Segment Anything Model 3 (SAM3)

A multimodal segmentation capability providing zero-shot identification of objects via text, boxes, and points.

The SAM3 capability allows you to use Meta's Segment Anything Model 3 in your Highlighter agents. It provides an interface for identifying and segmenting objects using a combination of text descriptions, bounding boxes, and point coordinates.

SAM3 is specifically designed for "Promptable Concept Segmentation". This means that you can prompt the model with a text phrase or an image exemplar (a bounding box around an example of an object in the image), and it will segment all other instances of that concept within the frame.

Prerequisites

Installation

SAM3 requires additional dependencies not included in the base Highlighter SDK. Install them with the sam3 extra:

pip install highlighter-sdk[sam3]

Model weights

When running SAM3 locally, there are two ways to obtain the weights:

Option 1: Download from Highlighter (recommended)

If you have the Highlighter CLI installed, you can download the weights directly from Highlighter using the SAM3 training-run artefact:

hl training-run artefact read -u be3fd409-73a2-48b1-81e0-3a2e492f246c -s sam3.pt

This downloads the sam3.pt weights file to your current directory. You can then reference this path in the model_path parameter of your agent configuration.

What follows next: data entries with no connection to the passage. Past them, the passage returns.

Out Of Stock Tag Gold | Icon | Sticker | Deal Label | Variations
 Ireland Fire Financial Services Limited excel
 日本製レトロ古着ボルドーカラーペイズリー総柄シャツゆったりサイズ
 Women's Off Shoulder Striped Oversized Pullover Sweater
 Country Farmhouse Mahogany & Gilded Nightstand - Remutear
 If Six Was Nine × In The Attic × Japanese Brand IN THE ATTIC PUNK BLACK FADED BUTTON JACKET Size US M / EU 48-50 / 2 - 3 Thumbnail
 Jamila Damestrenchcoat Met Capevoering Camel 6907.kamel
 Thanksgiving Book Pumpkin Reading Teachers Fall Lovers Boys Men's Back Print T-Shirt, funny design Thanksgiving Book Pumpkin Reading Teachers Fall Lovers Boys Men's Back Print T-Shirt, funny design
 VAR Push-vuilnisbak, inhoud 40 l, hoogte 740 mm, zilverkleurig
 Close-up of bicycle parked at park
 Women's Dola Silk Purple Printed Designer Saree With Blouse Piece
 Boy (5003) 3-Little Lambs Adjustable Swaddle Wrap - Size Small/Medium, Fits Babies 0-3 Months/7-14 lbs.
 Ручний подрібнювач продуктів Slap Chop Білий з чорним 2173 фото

Note: When using SAM3 as a built-in capability in the Agent Designer, the weights are downloaded automatically via the pre-configured training_run_artefact_id — no manual download is required.

Option 2: Download from Hugging Face

Alternatively, you can download the weights manually from Hugging Face (the sam3.pt file contains the weights).

Prompting mechanisms

For detailed guidance on writing more informed prompts for this model, please refer to the official SAM3 documentation.

Crucially, when used with Highlighter, every single prompt you provide to the capability—whether text or geometric—must be accompanied by an object_class_id. The capability must assign an object class to every entity it identifies.

Text prompts

You can define text prompts using the capability's prompts.text parameter. These text strings are applied automatically to every frame the capability processes. Specifically, each text prompt must provide both the prompt string and its corresponding object_class_id UUID (see testing SAM3 for structure).

Dynamic geometric prompts

Geometric prompts are provided as inputs to the capability accompanying the image (rather than set as parameters like text prompts).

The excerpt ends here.